In a medical breakthrough that could revolutionise treatment approaches, scientists have confirmed that the near-ubiquitous Epstein-Barr virus (EBV) serves as the primary trigger for the autoimmune condition lupus.
The groundbreaking research from Stanford University reveals how this common childhood infection, carried by approximately 95% of adults, can cause immune cells to go rogue and mistakenly attack the body's own tissues.
The Cellular Mechanism Uncovered
The study, published in Science Translational Medicine, provides the first cellular-level explanation for how EBV sends the immune system into a tailspin. Using high-precision genetic sequencing, researchers compared B cells in 11 lupus patients against 10 healthy controls.
The findings were striking: lupus patients showed EBV presence in about 1 in 400 B cells, compared to fewer than 1 in 10,000 cells in healthy individuals - representing a 25-fold difference.
Professor William Robinson, the study's senior author and a professor of immunology and rheumatology at Stanford, stated unequivocally: "We think it applies to 100% of lupus cases. I think it really sets the stage for a new generation of therapies that could fundamentally treat and thereby provide benefit to lupus patients."

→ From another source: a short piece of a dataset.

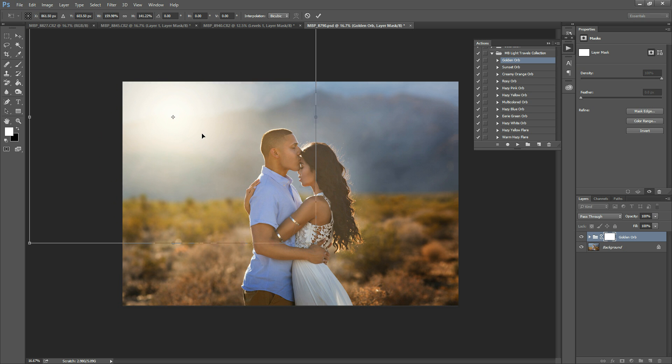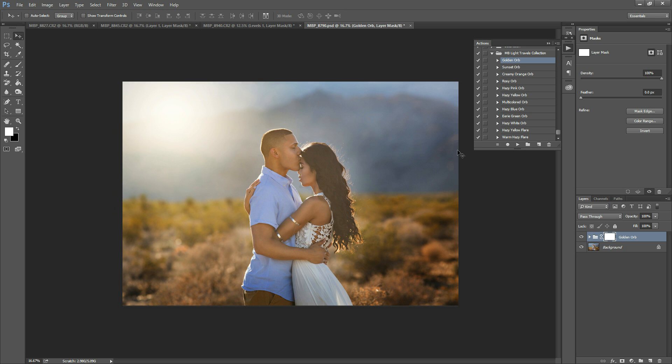You can make them smaller for a certain image or make them big to take up a lot of the photo, whatever works best. When you finish, hit the checkmark and you're done.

How a Common Virus Triggers Autoimmunity
EBV typically causes mild childhood illness with symptoms like sore throat, fever and tonsillitis. Most people contract it during childhood or adolescence and carry the dormant virus in their cells throughout life.
The research team discovered that EBV takes up permanent residence in B cells, which are crucial components of the immune system. About 20% of B cells naturally have the potential to bind to the body's own tissues, but in healthy individuals, these autoreactive B cells remain largely inactive.
However, in lupus patients, the presence of dormant EBV flips these cells into a hyperactive state. They not only target the body's own antigens but also recruit other immune cells, including killer T-cells, to join the attack.
"We think this is the critical discovery: that EBV then activates those B cells to drive the autoimmune response that mediates lupus," Professor Robinson explained.
Broader Implications and Future Treatments
The findings resolve what first author Shady Younis described as "a decades-old mystery" in autoimmune research. The connection gains additional significance following recent breakthroughs proving EBV's link to multiple sclerosis, another autoimmune disorder.
Lupus affects approximately 69,000 people in the UK, with the condition causing joint and muscle pain, extreme tiredness and skin rashes. The disease disproportionately affects women and shows higher prevalence among people of African, Caribbean or Asian background.
Professor Guy Gorochov of Sorbonne University, who was not involved in the research, described the work as "impressive", adding that while it's not the final paper on lupus, the team had "developed an interesting concept."
The confirmation of EBV's role adds significant impetus to ongoing clinical trials for an EBV vaccine. Researchers are also exploring repurposing cancer treatments designed to wipe out B cells for severe lupus cases.
As Professor Robinson noted, the virus's ubiquity makes prevention challenging: "Practically the only way to not get EBV is to live in a bubble." This reality makes the pursuit of effective vaccines and targeted treatments even more critical for the thousands living with this chronic condition.